The IMF Executive Board, in its decision released on Monday, December 8, commended Pakistan’s authorities for their “strong program implementation,” noting that the country “has maintained stability and improved financing and external conditions” despite the severe shock of recent devastating floods. This endorsement validates the government’s strenuous efforts to meet tough fiscal conditions, which included achieving a primary surplus of 1.3 percent of the Gross Domestic Product in the last fiscal year, a target set by the IMF. Gross reserves stood at a promising $14.5 billion at the end of the last fiscal year, a significant rise from $9.4 billion a year earlier, and are projected to continue rebuilding, according to the IMF’s latest statement. Prime Minister Shehbaz Sharif welcomed the decision, which he termed a “recognition of the government’s reform drive and the effective implementation of IMF-endorsed measures,” a view reported by state media including Radio Pakistan and the Associated Press.
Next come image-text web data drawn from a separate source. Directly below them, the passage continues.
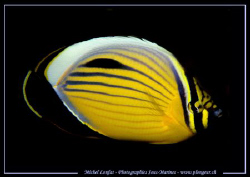 A Butterfly Fish ...:O)... by Michel Lonfat 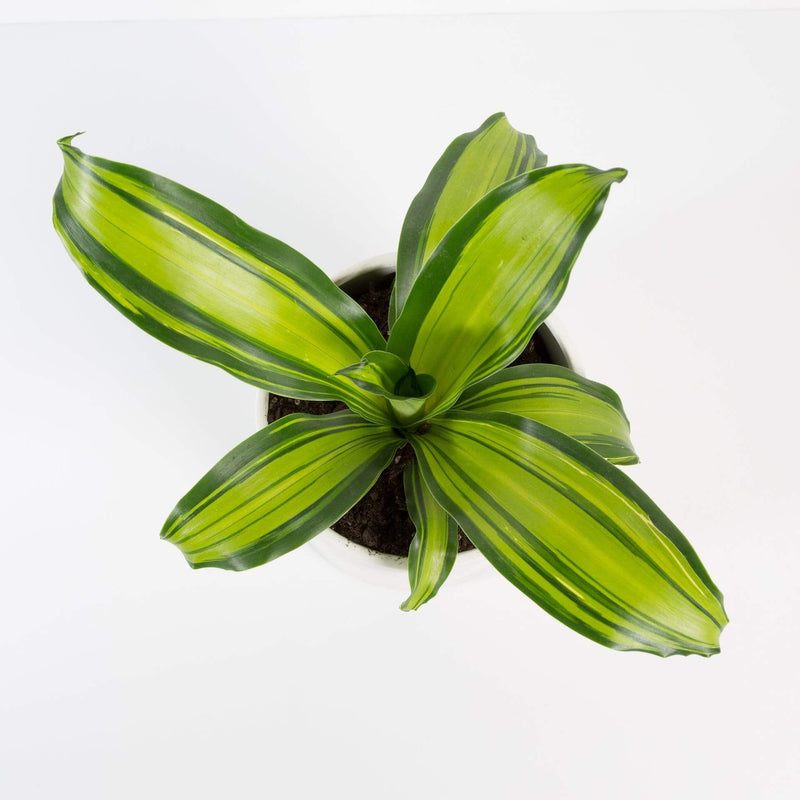 Urban Sprouts Plant 6" in nursery pot Dragon Tree 'Marley'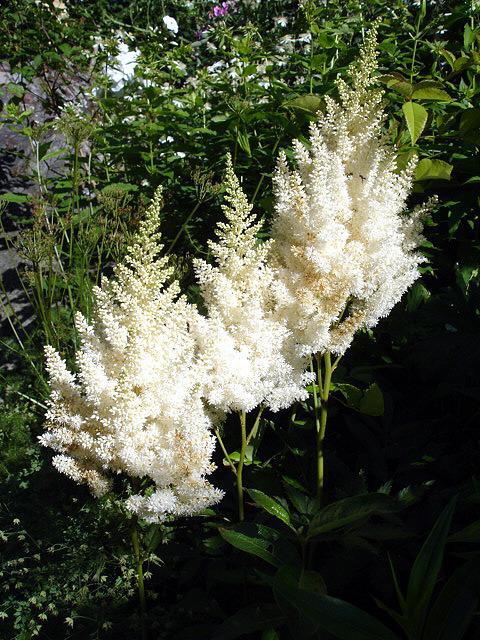 Photo of Astilbe 'Weisse Gloria' uploaded by robertduval14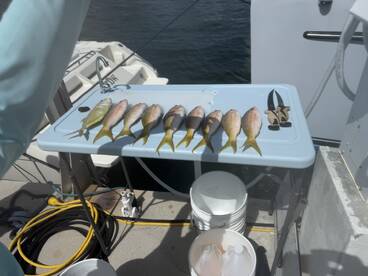 Patch reef fishing is good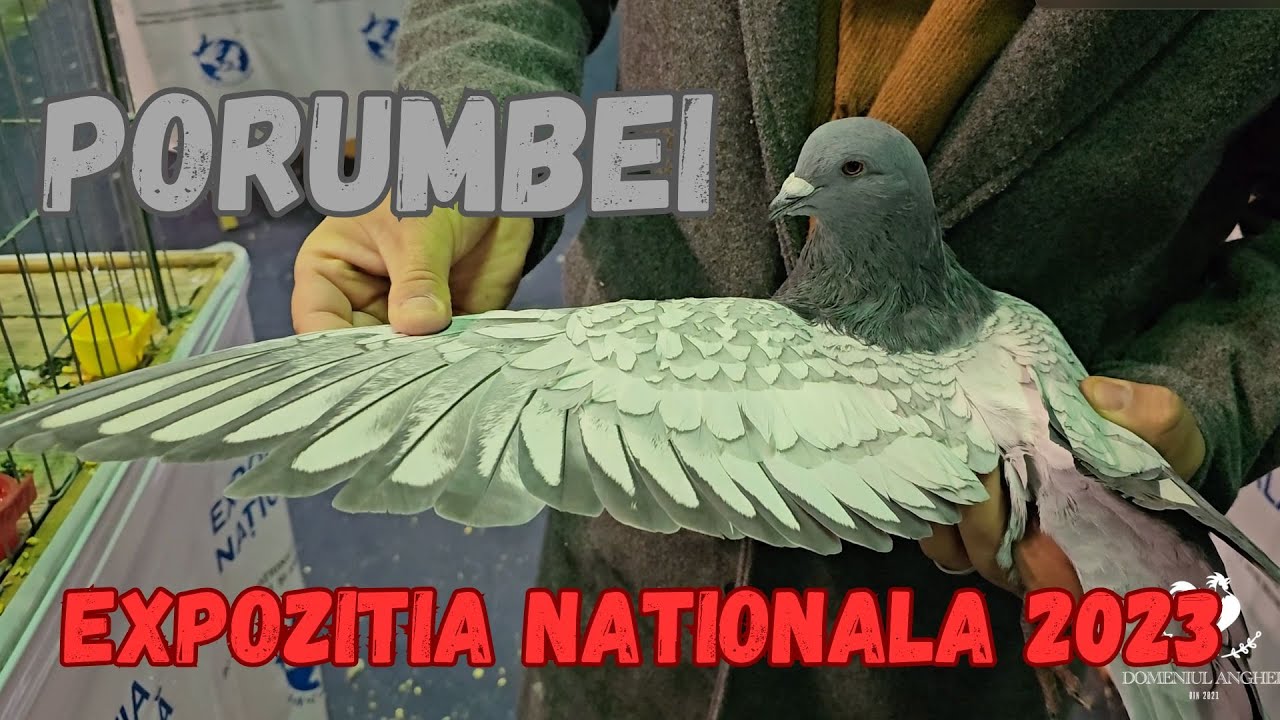 EXPOZITIA NATIOANALA 2023 - PORUMBEI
However, the narrative of stability is met with cautious analysis by independent economists and non-governmental organizations (NGOs). While acknowledging the essential role of the liquidity injection in stabilizing the exchange rate and averting an immediate balance of payments crisis, analysts from organizations like the Sustainable Development Policy Institute (SDPI) have warned that the current trajectory points more toward economic containment than sustainable, job-creating recovery. Projections released by the IMF alongside the disbursement statement reveal that while the immediate risk of freefall has eased, economic growth is projected to inch up only modestly to 3.2 percent by fiscal year 2026, a pace that barely surpasses the country’s rapid population growth. Furthermore, the public debt burden remains heavy, projected to hover around 72-73 percent of GDP, and unemployment is forecast to fall only modestly to 7.5 percent by FY26, according to analysis published by Dawn. The IMF itself, through Deputy Managing Director Nigel Clarke, stressed that “a sustained reform effort” is necessary to secure medium term growth that is led by the private sector, emphasizing the continued need to raise revenues via tax base broadening, address the viability of the energy sector, and implement governance reforms. Civil society groups, as noted in commentaries published by various national media outlets, are particularly focused on the $200 million climate tranche. They are calling for immediate transparency and accountability on the utilization of these RSF funds, demanding detailed project breakdowns to ensure the money is effectively directed toward strengthening disaster preparedness frameworks, improving water resource management, and providing equitable relief to communities most vulnerable to climate shocks, a plea that echoes through various NGO reports following last year’s floods. The immediate financial lifeline has been secured, but the long term, arduous task of translating structural reforms into resilient economic growth and tangible relief for the average Pakistani citizen has just received its second major review and remains the ultimate test of the government’s commitment.